Human Interest

Nashville couple adopts little girl with severe disabilities: ‘We are the luckiest parents’

A Nashville couple is sharing the story of how they came to adopt their daughter, who has severe disabilities. Folk and country singer-songwriter Sean McConnell has written for superstars like Tim McGraw, Martina McBride, Rascal Flatts, Brad Paisley, and others. He’s been nominated for a Grammy award for his song “Daughters,” which was performed by Little Big Town. But one of his greatest accomplishments is being a father.

In a profile by the Tennessean, McConnell and his wife, Mary Susan, shared the story of how they adopted their daughter internationally. They had decided to adopt from Ghana, a country in western Africa, but struggled over the notion of accepting a child with disabilities. “It gave us pause,” he said. “We’re in our mid 20s. It’s like, ‘I don’t know if we can handle this, I don’t know what this looks like.'” They eventually checked boxes for some disabilities, but nothing major — until Mary Susan found a 10-month-old baby who she said had beautiful eyes.

The little girl had cerebral palsy, but Mary Susan said, “I knew immediately I had a deep connection with this child,” explaining it was one of her childhood dreams come true — literally. “I had a dream one night that I was holding a toddler I knew had been adopted, and I felt very attached to this child.” She woke her husband at 3:00 a.m. to show him the photos, but he was unsure.

 

Both Mary Susan and Sean had decided to pursue adoption because they wanted to give a home to a child who may have a hard time finding a family. For the little girl they found, though, there were a lot of question marks, even according to their adoption coordinator’s description of her:

“We’re looking for a family for this girl who likely has profound cerebral palsy and microcephaly (a smaller than expected brain). You’re going into this not knowing what her health is. You’ll have to be OK with this mystery.”

Mary Susan was an immediate yes. Sean hesitated.

“Yes, there’s a connection with this soul, but I can’t imagine how we can take this on. This is definitely intense,” he said. “When they present you with a list of disabilities, it makes you look inwardly at yourself. It was a deep dive into what I thought I was capable of and praying as much as I could. ‘God, I’m so scared, and I love this child. I don’t know if I’m supposed to do this.'”

READ: Man adopts 42 children with disabilities — many of whom survived abortions

They visited doctors and spoke to parents raising children with cerebral palsy. They were told that the little girl would likely be non-verbal, need lifelong care, and require a feeding tube. Eventually, Sean said he felt peace about the decision, and they moved forward. Eventually, they were able to meet the little girl, named Abiella.
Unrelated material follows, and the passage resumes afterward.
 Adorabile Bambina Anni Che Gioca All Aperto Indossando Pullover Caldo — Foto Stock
As soon as Mary Susan held her, Abiella grinned at her.

For five days, they were in the orphanage with Abiella, who they nicknamed Abi (pronounced AY-bee). “In those moments, it felt very peaceful, just a feeling of overwhelming love,” Sean said “There’s so much worrying on the other side, trying to get paperwork ready. So to have your hands on her and hold her finally was such an amazing moment.”

 

When they had to leave Ghana to go back to the United States without Abiella, they sobbed. But after three visits to Africa, they were finally able to take Abi home. With time, they learned to provide for her needs, and Abi now attends school, goes horseback riding, and listens to music. They insist on age competency, meaning they talk to her like the 10-year-old she is now, and not an infant. Though she struggles to communicate verbally, Abi can still get her points across.
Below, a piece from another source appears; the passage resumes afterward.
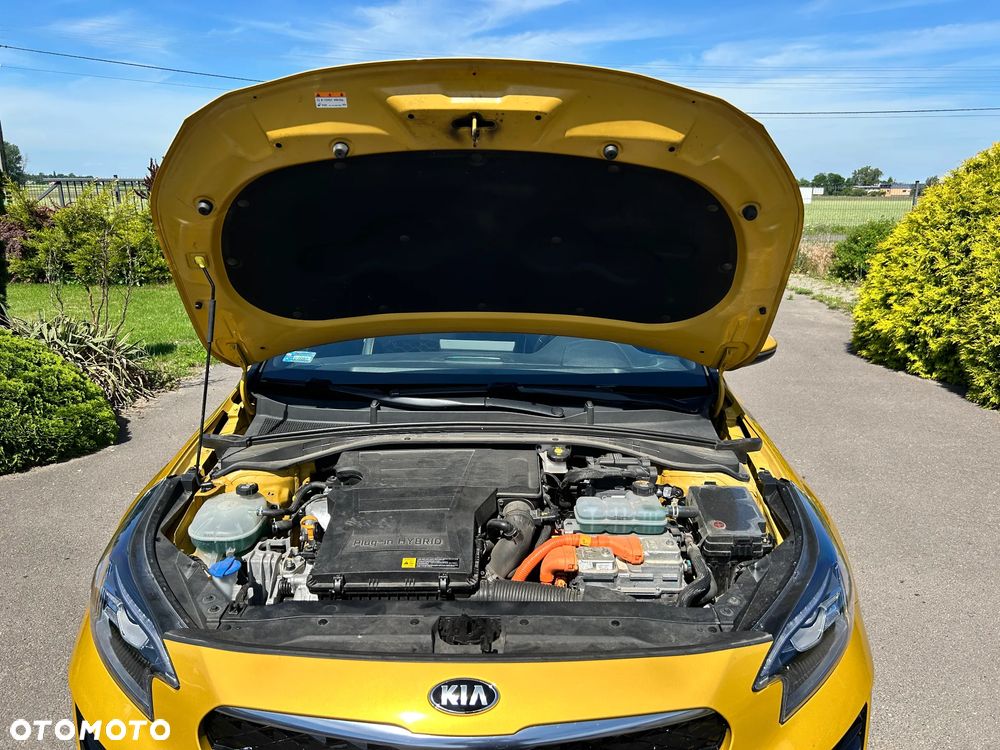 Kia XCeed ver-1-6-gdi-phev-l-dct - 19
“She’s extremely expressive. Although she’s non verbal technically, she’s extremely verbal with a huge personality,” Sean explained. “Her sense of humor is hilarious and sometimes beyond her age. She’s vocal when she doesn’t like something. She makes sweet sounds reading to her or cuddling with her. We forget sometimes that she’s non verbal. We talk to each other every day.”

Today, Sean and Mary Susan consider themselves to be “the luckiest parents in the world.”

“There are absolutely intense and scary parts of being a parent to someone who has disabilities. But so much magic has come along with it,” Sean said. “Although she has hard days and hard seasons, Abi is the most purely joyful soul I’ve ever experienced.”